New data published by the United Nations cultural agency has revealed that at least 12 million young children will never access school with particularly girls facing the greatest barriers.
“According to our projections, nine million girls of primary school age will never start school or set foot in a classroom, compared to about three million boys”, said Audrey Azoulay, Director-General of the UN Educational, Scientific and Cultural Organization (UNESCO).
According to the new information on the world’s out-of-school children from the UNESCO Institute for Statistics (UIS), little or no progress has been seen in more than a decade.
“Four of those nine million girls live in sub-Saharan Africa, where the situation gives cause for even greater concern”, Ms. Azoulay continued. “We must therefore continue to centre our actions on girls’ and women’s education, as an utmost priority.”
In 2018 it is estimated that 258 million children, adolescents and youth between the ages of six and 17 were out of school.
This new data paints a clear picture of the difficulties ahead in achieving inclusive quality education for all, one of the Sustainable Development Goals (SDGs) set by the international community for 2030.
Afghanistan’s education system for instance has been devastated by more than three decades of sustained conflict. For many of the country’s children, completing primary school remains a distant dream.

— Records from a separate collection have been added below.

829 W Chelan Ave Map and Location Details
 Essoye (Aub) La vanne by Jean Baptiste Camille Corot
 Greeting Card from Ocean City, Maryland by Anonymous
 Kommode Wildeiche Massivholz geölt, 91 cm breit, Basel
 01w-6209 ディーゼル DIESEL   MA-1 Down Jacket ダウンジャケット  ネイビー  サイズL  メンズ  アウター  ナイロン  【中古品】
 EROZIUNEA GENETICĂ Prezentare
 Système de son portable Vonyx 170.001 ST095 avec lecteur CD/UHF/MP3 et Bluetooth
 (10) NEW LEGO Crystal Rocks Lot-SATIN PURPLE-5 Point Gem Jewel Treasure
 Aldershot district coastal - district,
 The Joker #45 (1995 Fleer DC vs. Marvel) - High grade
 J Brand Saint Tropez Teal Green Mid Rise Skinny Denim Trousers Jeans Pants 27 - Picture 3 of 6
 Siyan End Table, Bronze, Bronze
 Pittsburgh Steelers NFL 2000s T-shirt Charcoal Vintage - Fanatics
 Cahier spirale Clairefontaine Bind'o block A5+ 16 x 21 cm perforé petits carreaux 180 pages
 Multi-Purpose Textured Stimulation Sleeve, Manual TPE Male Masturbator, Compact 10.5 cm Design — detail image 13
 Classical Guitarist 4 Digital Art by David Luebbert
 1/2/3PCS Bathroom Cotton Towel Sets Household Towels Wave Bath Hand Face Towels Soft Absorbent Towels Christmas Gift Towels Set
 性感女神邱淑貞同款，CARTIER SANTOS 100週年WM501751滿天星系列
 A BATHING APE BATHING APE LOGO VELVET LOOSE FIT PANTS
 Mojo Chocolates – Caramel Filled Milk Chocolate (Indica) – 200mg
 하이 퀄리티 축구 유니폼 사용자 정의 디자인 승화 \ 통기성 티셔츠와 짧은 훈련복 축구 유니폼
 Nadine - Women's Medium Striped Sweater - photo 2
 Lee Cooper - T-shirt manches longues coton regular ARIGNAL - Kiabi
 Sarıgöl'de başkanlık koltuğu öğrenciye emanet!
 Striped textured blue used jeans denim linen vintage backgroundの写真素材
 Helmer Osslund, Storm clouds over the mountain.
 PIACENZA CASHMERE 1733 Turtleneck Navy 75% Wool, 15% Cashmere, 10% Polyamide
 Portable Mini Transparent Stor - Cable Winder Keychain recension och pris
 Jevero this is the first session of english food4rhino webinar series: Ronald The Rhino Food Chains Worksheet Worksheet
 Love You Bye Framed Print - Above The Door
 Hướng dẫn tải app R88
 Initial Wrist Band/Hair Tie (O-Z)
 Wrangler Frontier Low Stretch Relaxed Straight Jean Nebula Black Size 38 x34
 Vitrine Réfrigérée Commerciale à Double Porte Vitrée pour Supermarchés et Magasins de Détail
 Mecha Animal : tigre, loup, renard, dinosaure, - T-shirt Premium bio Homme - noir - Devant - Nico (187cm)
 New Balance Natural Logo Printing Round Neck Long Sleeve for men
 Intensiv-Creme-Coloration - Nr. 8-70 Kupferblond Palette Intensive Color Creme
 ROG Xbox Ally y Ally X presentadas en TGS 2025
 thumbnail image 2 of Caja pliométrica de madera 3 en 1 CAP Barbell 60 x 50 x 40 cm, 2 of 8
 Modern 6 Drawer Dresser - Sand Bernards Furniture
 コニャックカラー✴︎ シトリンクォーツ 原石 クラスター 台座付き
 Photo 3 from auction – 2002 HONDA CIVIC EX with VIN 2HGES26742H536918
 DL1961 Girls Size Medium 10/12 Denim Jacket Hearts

It also confirms recent UNESCO projections showing that at the present rate, by 2030, one-in-six children will not be attending primary and secondary school at all, and only six in every ten young people will complete secondary education.
The update also highlights the gap between the world’s richest and poorest countries. According to UIS figures, 19 per cent of six-to-11-year olds in low-income countries are out of school, compared to just two per cent in high-income States.
And the gap grows wider still for older children and youth, where some 61 per cent of 15- to 17-year-olds are out of school in low-income countries, compared to eight per cent in their high-income counterparts.
“We have just 11 years to make good on the promise that every child will be in school and learning”, UIS Director Silvia Montoya asserted. “Yet the new data shows us an unchanging and persistent picture of poor access and quality, year after year”.
The new insight by UIS, the custodian of SDG 4 data, was released a week before the General Assembly meets in New York to examine progress towards the Global Goals and discuss the funding needed to achieve them.
It also demonstrates the pressing need for renewed efforts and reliable data to monitor progress on education access, completion and quality to meet the goal of quality education for all.